#### Given entries

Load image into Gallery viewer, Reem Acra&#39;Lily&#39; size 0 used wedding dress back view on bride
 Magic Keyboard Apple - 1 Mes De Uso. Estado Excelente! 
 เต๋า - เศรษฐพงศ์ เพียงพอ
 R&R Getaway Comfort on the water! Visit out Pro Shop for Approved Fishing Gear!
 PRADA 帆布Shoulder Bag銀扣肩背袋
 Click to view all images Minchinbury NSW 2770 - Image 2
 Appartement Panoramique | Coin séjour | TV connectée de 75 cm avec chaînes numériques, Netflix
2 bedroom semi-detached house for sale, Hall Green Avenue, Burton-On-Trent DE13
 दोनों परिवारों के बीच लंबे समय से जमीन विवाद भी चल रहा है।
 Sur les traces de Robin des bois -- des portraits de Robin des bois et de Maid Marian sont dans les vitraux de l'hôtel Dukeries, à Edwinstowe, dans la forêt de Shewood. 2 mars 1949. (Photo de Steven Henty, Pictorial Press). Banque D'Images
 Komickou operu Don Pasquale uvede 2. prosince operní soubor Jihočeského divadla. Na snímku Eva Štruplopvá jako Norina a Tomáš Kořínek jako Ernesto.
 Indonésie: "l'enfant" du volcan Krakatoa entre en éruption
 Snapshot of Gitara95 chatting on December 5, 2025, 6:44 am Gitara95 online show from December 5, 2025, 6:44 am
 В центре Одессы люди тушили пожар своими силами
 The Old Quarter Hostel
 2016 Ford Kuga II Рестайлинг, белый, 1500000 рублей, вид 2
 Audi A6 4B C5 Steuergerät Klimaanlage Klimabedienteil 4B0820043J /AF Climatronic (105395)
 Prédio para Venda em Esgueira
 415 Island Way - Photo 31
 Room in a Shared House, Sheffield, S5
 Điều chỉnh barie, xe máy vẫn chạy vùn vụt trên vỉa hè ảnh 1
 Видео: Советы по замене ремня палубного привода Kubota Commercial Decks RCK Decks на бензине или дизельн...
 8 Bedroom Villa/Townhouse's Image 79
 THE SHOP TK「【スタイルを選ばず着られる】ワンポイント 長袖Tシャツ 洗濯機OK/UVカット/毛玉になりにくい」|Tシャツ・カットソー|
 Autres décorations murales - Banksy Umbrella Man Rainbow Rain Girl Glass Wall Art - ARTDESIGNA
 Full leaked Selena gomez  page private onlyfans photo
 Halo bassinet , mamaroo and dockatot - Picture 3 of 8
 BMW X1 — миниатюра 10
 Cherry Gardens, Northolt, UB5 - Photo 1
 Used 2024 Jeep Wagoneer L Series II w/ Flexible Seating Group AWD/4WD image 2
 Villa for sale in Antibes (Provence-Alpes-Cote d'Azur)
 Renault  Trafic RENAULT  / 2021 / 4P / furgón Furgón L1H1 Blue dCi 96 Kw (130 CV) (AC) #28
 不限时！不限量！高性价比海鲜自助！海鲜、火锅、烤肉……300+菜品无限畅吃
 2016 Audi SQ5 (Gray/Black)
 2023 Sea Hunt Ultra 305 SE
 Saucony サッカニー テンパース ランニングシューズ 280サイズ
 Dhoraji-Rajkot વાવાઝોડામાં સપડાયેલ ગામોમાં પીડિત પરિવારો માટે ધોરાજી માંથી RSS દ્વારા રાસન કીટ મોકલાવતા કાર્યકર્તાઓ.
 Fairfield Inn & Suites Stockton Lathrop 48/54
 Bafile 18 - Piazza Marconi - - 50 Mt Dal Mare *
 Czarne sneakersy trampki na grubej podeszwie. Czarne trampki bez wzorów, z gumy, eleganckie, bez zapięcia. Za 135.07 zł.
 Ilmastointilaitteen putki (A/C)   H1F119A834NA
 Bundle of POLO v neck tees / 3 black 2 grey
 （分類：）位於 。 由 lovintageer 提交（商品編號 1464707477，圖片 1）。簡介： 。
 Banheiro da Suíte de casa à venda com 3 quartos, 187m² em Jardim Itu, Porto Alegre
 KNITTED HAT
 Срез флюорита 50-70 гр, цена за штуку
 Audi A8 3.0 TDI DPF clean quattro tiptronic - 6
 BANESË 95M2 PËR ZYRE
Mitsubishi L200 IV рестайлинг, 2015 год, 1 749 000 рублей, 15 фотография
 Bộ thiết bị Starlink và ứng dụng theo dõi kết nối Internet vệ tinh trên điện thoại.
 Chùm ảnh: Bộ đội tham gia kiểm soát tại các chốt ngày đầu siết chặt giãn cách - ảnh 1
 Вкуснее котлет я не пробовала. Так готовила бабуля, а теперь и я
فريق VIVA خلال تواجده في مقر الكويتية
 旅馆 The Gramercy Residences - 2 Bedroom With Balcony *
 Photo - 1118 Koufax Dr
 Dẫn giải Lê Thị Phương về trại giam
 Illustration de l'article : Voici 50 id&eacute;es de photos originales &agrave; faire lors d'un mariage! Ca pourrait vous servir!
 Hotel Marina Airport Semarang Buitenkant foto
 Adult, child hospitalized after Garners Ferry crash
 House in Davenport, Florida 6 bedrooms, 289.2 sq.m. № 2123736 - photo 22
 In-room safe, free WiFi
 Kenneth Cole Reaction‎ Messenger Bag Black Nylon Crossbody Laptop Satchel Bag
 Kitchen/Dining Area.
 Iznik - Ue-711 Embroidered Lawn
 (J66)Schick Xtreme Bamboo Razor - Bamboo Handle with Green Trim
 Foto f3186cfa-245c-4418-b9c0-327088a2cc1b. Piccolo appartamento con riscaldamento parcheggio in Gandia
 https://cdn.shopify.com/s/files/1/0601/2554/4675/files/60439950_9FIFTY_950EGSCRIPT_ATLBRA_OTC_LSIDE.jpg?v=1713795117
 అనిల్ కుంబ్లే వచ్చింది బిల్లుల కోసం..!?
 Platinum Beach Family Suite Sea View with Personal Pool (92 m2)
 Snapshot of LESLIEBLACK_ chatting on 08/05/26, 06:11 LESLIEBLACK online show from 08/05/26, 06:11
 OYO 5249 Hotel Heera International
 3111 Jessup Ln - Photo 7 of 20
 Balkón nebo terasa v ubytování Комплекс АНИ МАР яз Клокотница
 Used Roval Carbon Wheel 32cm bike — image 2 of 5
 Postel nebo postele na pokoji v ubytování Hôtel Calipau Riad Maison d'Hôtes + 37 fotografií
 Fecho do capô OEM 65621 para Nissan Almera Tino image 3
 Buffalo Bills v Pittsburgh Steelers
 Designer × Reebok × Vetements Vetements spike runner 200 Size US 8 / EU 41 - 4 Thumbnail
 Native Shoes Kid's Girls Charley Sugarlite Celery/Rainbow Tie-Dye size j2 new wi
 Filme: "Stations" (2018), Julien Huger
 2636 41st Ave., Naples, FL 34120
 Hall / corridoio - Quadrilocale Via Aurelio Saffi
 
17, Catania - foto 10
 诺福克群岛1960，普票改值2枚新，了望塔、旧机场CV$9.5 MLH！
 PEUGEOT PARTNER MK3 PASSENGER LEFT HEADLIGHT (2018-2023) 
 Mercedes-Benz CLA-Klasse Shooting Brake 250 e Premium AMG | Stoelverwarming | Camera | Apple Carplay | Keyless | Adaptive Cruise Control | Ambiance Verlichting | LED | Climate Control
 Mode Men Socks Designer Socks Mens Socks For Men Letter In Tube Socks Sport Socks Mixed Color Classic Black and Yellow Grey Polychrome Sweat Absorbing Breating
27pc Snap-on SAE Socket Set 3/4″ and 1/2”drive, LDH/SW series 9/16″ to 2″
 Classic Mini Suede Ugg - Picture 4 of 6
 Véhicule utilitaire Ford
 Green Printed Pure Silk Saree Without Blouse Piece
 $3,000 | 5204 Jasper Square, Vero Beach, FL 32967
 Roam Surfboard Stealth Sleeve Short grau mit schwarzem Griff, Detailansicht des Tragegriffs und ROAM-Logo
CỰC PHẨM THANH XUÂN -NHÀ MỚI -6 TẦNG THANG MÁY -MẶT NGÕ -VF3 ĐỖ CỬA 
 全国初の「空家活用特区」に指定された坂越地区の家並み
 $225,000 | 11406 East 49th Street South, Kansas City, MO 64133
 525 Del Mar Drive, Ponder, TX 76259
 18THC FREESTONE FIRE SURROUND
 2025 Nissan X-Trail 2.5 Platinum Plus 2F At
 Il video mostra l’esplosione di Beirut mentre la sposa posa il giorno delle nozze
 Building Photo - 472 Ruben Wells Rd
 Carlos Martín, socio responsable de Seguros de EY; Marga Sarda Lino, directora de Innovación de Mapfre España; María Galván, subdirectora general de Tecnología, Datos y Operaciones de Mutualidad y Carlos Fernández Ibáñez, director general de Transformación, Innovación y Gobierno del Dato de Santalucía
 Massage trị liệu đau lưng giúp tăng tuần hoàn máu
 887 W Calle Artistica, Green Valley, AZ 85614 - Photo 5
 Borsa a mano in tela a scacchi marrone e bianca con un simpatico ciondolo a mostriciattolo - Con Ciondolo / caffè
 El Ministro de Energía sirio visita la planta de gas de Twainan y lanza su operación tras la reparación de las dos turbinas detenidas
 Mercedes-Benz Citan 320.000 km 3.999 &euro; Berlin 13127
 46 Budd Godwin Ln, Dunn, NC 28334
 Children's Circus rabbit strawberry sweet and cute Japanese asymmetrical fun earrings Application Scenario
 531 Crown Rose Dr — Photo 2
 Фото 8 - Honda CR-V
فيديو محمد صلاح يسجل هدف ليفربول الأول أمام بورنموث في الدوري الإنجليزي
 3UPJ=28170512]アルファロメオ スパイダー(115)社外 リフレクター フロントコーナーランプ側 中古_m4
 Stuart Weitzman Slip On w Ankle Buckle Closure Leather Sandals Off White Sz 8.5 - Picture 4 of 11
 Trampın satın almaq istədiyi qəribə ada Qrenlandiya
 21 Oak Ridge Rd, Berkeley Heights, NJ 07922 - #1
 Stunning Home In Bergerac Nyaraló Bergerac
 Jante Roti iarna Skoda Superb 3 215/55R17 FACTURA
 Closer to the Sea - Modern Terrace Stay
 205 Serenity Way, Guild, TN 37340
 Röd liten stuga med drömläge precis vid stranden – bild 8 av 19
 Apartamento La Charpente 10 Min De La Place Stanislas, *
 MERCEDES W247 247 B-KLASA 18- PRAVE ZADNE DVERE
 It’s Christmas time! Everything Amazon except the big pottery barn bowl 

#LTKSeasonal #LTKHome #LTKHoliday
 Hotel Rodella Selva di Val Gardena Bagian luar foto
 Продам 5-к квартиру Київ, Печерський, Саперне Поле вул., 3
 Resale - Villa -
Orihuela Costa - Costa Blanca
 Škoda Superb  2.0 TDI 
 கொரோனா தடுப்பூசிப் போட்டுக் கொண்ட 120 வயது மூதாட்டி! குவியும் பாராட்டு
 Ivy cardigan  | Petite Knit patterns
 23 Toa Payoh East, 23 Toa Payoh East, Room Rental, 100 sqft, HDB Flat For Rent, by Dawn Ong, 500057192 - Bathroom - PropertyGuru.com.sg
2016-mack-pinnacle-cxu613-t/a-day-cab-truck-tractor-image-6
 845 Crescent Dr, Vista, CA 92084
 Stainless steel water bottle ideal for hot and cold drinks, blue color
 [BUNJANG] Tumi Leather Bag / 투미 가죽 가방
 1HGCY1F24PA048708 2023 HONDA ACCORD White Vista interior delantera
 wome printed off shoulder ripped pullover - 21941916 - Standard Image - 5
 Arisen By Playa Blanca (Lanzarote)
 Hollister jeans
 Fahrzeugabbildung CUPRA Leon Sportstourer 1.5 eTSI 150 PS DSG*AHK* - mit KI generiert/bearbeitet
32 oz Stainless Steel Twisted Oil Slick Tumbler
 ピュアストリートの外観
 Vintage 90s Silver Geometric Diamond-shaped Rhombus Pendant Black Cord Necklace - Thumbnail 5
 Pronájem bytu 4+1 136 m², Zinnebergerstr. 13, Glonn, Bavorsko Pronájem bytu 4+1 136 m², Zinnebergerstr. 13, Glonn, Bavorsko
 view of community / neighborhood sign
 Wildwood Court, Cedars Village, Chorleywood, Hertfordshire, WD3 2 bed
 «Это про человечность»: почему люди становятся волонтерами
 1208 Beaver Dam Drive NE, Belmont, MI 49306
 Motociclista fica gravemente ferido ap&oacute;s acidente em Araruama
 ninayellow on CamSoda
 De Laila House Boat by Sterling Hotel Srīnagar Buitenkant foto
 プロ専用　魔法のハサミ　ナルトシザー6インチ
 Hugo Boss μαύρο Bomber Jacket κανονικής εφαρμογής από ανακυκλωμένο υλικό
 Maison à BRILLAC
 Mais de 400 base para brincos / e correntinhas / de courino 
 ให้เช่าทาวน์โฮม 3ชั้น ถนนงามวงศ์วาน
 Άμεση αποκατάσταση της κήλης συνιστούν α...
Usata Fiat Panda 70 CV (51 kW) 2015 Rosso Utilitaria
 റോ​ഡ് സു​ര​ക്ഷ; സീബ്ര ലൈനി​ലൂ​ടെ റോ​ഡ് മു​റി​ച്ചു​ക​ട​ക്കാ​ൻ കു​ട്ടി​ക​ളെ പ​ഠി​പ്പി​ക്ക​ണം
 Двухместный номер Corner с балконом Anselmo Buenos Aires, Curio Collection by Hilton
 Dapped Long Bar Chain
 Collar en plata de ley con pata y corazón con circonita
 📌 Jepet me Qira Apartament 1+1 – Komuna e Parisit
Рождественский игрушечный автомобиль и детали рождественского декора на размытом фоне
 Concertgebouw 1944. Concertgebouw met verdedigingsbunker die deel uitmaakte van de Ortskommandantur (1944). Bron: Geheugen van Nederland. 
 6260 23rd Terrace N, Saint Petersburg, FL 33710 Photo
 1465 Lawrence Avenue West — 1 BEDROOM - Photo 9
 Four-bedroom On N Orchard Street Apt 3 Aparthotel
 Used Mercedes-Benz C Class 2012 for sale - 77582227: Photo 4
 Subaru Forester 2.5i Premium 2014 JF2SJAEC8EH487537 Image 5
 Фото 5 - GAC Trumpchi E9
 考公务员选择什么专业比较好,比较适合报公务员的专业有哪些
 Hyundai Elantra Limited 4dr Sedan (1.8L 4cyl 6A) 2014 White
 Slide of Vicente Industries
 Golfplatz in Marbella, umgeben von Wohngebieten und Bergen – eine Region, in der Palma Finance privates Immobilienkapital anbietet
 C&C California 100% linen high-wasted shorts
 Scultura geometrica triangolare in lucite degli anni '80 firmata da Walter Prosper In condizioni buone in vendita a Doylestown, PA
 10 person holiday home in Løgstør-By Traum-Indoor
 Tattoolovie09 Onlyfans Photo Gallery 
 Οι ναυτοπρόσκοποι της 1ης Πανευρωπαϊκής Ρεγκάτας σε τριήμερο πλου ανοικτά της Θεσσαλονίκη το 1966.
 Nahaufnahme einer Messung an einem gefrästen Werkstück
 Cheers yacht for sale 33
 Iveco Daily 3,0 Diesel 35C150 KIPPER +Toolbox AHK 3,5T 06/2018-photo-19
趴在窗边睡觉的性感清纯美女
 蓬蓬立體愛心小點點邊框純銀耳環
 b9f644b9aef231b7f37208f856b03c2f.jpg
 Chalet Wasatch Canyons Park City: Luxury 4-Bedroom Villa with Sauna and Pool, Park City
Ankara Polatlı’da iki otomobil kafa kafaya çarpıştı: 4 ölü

########

# Your instructions
With the line that contains "Cheers yacht for sale 33" as the starting point, output each line exactly through the end of the listing above.

# Solution to this problem
 Cheers yacht for sale 33
 Iveco Daily 3,0 Diesel 35C150 KIPPER +Toolbox AHK 3,5T 06/2018-photo-19
趴在窗边睡觉的性感清纯美女
 蓬蓬立體愛心小點點邊框純銀耳環
 b9f644b9aef231b7f37208f856b03c2f.jpg
 Chalet Wasatch Canyons Park City: Luxury 4-Bedroom Villa with Sauna and Pool, Park City
Ankara Polatlı’da iki otomobil kafa kafaya çarpıştı: 4 ölü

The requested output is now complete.